Before selecting the Google Cloud engine, check the language coverage and available voices.
Speech to Text with Google Cloud
You can use the Voice Input component to enable speech recognition from the caller, and convert the result to text. For example, you can ask your customers to verbally specify:
- an alphanumeric ID, so you can do a database lookup with it.
- the name of a person or department within your company to automatically connect the caller to the appropriate destination.
The component sends the caller audio in real time to Google Cloud, and receives back the recognition in real time, validating the input in the process.
Before you start working on a CFD project with speech recognition, please check the supported languages.
Step 1: Create a Google Cloud Account
Before you start working on your CFD project, you need a Google Cloud account. To create it, go to the Google Cloud Console, and follow the instructions to activate your account.
Step 2: Create a Google Cloud Project
Once your Google Cloud account is active, go the Google Cloud Console and:
- Create a new project with an appropriate name, e.g. “3CX TTS and STT”, and then click on “CREATE”.
- Enable the required APIs by going to the “Menu” > “APIs & Services” > “Dashboard” and then clicking “+ ENABLE APIS & SERVICES”. Select and enable these services:
- Cloud Speech-to-Text API.
- Cloud Text-to-Speech API.
- To create a service account, so the CFD app can authenticate with Google Cloud and use this project, go to the “Menu” > “IAM & Admin” > “Service Accounts” and click on “+ CREATE SERVICE ACCOUNT”.
- Fill in the service account details with appropriate values and click on “CREATE”.
- Set the “Role” to “Project Owner” and click on “CONTINUE”.
- In the “Grant users access to this service account” section, leave the fields empty and click on “DONE”.
- In the new row containing the service account details, click the 3 dots on the right side and select “Manage keys”.
- Select “ADD KEY” > “Create new key”. Select JSON and click “CREATE” to download a JSON file to your computer. Store this file in a secure location to access your cloud resources. You need this file to configure “Online Services” in your CFD application.
Step 3: Create the CFD Project
With your Google Cloud account ready, you can proceed to create our Call Flow Designer project:
- Open the CFD and go to “File” > “New” > “Project”, select the folder where you want to save it, and enter a name for the project, e.g. “SpeechToTextDemo”.
- Go to the “Tools” > “Online Services” menu and:
- Under “Text To Speech” select:
- “Online Service”: Google Cloud
- “Service Account Key JSON File”: select the JSON file downloaded in the previous step.

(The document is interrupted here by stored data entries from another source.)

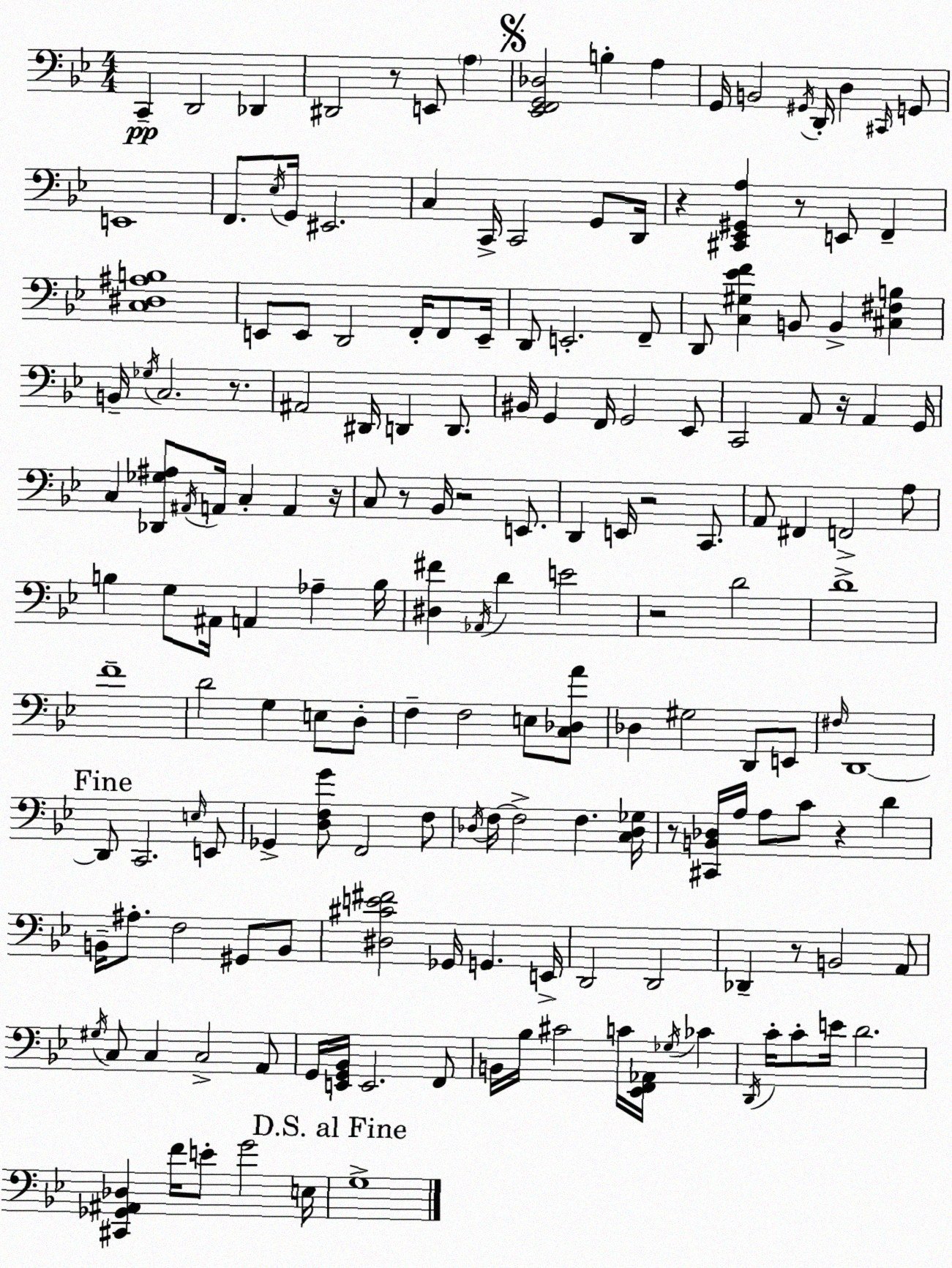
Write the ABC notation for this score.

X:1
T:Untitled
M:4/4
L:1/4
K:Bb
C,, D,,2 _D,, ^D,,2 z/2 E,,/2 A, [_E,,F,,G,,_D,]2 B, A, G,,/4 B,,2 ^G,,/4 D,,/4 D, ^C,,/4 G,,/2 E,,4 F,,/2 _E,/4 G,,/4 ^E,,2 C, C,,/4 C,,2 G,,/2 D,,/4 z [^C,,_E,,^G,,A,] z/2 E,,/2 F,, [C,^D,^A,B,]4 E,,/2 E,,/2 D,,2 F,,/4 F,,/2 E,,/4 D,,/2 E,,2 F,,/2 D,,/2 [C,^G,_EF] B,,/2 B,, [^C,^F,B,] B,,/4 _G,/4 C,2 z/2 ^A,,2 ^D,,/4 D,, D,,/2 ^B,,/4 G,, F,,/4 G,,2 _E,,/2 C,,2 A,,/2 z/4 A,, G,,/4 C, [_D,,_G,^A,]/2 ^A,,/4 A,,/4 C, A,, z/4 C,/2 z/2 _B,,/4 z2 E,,/2 D,, E,,/4 z2 C,,/2 A,,/2 ^F,, F,,2 A,/2 B, G,/2 ^A,,/4 A,, _A, B,/4 [^D,^F] _A,,/4 D E2 z2 D2 D4 F4 D2 G, E,/2 D,/2 F, F,2 E,/2 [C,_D,A]/2 _D, ^G,2 D,,/2 E,,/2 ^F,/4 D,,4 D,,/2 C,,2 E,/4 E,,/2 _G,, [D,F,G]/2 F,,2 F,/2 _D,/4 F,/4 F,2 F, [C,_D,_G,]/4 z/2 [^C,,B,,_D,]/4 A,/4 A,/2 C/2 z D B,,/4 ^A,/2 F,2 ^G,,/2 B,,/2 [^D,^CE^F]2 _G,,/4 G,, E,,/4 D,,2 D,,2 _D,, z/2 B,,2 A,,/2 ^G,/4 C,/2 C, C,2 A,,/2 G,,/4 [E,,G,,_B,,]/4 E,,2 F,,/2 B,,/4 _B,/4 ^C2 C/4 [_E,,F,,_A,,]/4 _G,/4 _C D,,/4 C/4 C/2 E/4 D2 [^C,,_G,,^A,,_D,] F/4 E/2 G2 E,/4 G,4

- Under “Speech To Text” select:
- “Online Service”: Google Cloud
- “Service Account Key JSON File”: the JSON file is already selected, as it is the same for TTS and STT.
These settings are used for every Text To Speech Audio Prompt and Voice Input component in your project.
Step 4: Add a “Voice Input” Component
The “Voice Input” component lets you configure prompts to ask for input to the caller, so in this demo both Text to Speech and Speech to Text are used in the same component. A “Prompt Playback” component is added first to provide a welcome message, before moving to the “Voice Input”.
To add the “Prompt Playback” component:
- Drag a “Prompt Playback” component from the toolbox, and drop it into the design view of the “Main” callflow. Then select the added component and go to the “Properties” to rename it to “Welcome”.
- From the “Properties”, open the “Prompt Collection Editor”, clicking the button on the right of the “Prompts” property.
- Click “Add” to add a new prompt to the collection, and change the type to “Text to Speech Audio Prompt”.
- Select the Voice to use. The drop down list of voices is ordered by language, so you can easily find the options available for the language you need to use.
🛈 Note: The voices available for Google Cloud are listed here. In case of Google Cloud releasing a new voice not included yet in this drop down list, you can just enter the value from the “Voice name” column to use it. If you want a specific voice to be pre-filled, you can set it from “Tools” > “Options” > “Component Templates” > “Text To Speech”. For this demo the “en-US-Standard-B (English - US, Male)” voice profile is used.
- Select the Type of text:
- “Text” - The value of the “Text” property is considered as plain text by the TTS engine, converting it to speech just as it is. “Text” is set for this example to represent typical usage.
- “SSML” (Speech Synthesis Markup Language) - The value of the “Text” property is considered XML according to the SSML specification. With SSML you can control various aspects of speech such as pronunciation, volume, pitch, and speech rate. For more information, see the Google guide on using SSML.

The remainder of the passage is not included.